■ LISTED RECORDS
⁂
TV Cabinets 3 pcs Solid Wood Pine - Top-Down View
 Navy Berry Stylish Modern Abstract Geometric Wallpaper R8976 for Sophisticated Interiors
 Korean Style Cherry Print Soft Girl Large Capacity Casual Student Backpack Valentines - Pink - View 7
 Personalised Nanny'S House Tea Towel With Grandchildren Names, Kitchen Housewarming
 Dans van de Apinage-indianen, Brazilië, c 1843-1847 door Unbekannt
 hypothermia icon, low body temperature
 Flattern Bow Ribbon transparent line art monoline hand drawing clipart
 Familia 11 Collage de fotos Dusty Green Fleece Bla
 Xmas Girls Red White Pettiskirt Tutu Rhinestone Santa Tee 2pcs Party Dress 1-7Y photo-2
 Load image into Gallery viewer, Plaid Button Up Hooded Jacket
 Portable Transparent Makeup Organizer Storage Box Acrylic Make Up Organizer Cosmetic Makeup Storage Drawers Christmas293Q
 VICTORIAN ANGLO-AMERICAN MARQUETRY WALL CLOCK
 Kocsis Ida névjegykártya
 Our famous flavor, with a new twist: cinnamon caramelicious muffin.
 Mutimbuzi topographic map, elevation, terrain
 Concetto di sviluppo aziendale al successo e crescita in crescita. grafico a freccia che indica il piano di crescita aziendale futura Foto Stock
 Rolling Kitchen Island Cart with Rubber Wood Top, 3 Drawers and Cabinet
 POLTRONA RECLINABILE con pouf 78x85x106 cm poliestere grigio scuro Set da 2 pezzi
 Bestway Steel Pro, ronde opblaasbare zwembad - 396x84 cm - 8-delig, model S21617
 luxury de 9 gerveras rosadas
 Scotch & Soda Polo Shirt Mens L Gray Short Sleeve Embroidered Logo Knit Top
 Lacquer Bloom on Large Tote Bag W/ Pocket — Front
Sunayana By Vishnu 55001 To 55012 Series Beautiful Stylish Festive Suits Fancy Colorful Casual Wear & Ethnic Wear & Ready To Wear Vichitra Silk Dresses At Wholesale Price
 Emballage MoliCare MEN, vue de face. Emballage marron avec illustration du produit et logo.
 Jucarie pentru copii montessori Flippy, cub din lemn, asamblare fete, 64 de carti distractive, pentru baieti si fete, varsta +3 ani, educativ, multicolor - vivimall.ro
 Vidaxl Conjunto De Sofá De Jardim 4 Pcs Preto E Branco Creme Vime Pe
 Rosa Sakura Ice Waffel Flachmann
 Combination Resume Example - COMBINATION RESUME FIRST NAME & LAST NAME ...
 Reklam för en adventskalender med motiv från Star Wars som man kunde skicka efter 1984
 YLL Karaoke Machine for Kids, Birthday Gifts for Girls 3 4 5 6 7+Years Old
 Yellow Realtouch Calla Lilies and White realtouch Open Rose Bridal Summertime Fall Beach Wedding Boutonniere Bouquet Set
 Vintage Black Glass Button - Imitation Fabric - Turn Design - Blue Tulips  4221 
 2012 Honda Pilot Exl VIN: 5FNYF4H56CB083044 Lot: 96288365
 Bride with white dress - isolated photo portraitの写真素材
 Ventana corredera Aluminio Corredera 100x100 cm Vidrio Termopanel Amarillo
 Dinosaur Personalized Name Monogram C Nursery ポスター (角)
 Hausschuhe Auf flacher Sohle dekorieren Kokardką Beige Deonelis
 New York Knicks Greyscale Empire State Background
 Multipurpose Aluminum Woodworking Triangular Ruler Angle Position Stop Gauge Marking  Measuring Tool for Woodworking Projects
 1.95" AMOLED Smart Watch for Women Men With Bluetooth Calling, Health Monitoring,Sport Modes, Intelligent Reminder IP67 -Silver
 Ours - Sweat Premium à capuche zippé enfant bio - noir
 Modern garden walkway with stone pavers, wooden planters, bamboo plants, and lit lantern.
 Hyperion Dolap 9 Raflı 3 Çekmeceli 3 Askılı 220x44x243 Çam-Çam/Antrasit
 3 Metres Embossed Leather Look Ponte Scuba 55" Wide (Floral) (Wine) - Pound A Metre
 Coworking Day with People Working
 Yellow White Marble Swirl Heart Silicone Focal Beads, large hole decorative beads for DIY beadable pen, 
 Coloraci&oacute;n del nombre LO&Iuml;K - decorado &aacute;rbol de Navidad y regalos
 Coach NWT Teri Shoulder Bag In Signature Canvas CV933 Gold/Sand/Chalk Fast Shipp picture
⁂
■ TASK INSTRUCTIONS
Set down precisely the lines above between the line holding "Our famous flavor, with" and the line holding "Reklam för en", inclusive, and nothing beyond them.

■ ANSWER BOX
 Our famous flavor, with a new twist: cinnamon caramelicious muffin.
 Mutimbuzi topographic map, elevation, terrain
 Concetto di sviluppo aziendale al successo e crescita in crescita. grafico a freccia che indica il piano di crescita aziendale futura Foto Stock
 Rolling Kitchen Island Cart with Rubber Wood Top, 3 Drawers and Cabinet
 POLTRONA RECLINABILE con pouf 78x85x106 cm poliestere grigio scuro Set da 2 pezzi
 Bestway Steel Pro, ronde opblaasbare zwembad - 396x84 cm - 8-delig, model S21617
 luxury de 9 gerveras rosadas
 Scotch & Soda Polo Shirt Mens L Gray Short Sleeve Embroidered Logo Knit Top
 Lacquer Bloom on Large Tote Bag W/ Pocket — Front
Sunayana By Vishnu 55001 To 55012 Series Beautiful Stylish Festive Suits Fancy Colorful Casual Wear & Ethnic Wear & Ready To Wear Vichitra Silk Dresses At Wholesale Price
 Emballage MoliCare MEN, vue de face. Emballage marron avec illustration du produit et logo.
 Jucarie pentru copii montessori Flippy, cub din lemn, asamblare fete, 64 de carti distractive, pentru baieti si fete, varsta +3 ani, educativ, multicolor - vivimall.ro
 Vidaxl Conjunto De Sofá De Jardim 4 Pcs Preto E Branco Creme Vime Pe
 Rosa Sakura Ice Waffel Flachmann
 Combination Resume Example - COMBINATION RESUME FIRST NAME & LAST NAME ...
 Reklam för en adventskalender med motiv från Star Wars som man kunde skicka efter 1984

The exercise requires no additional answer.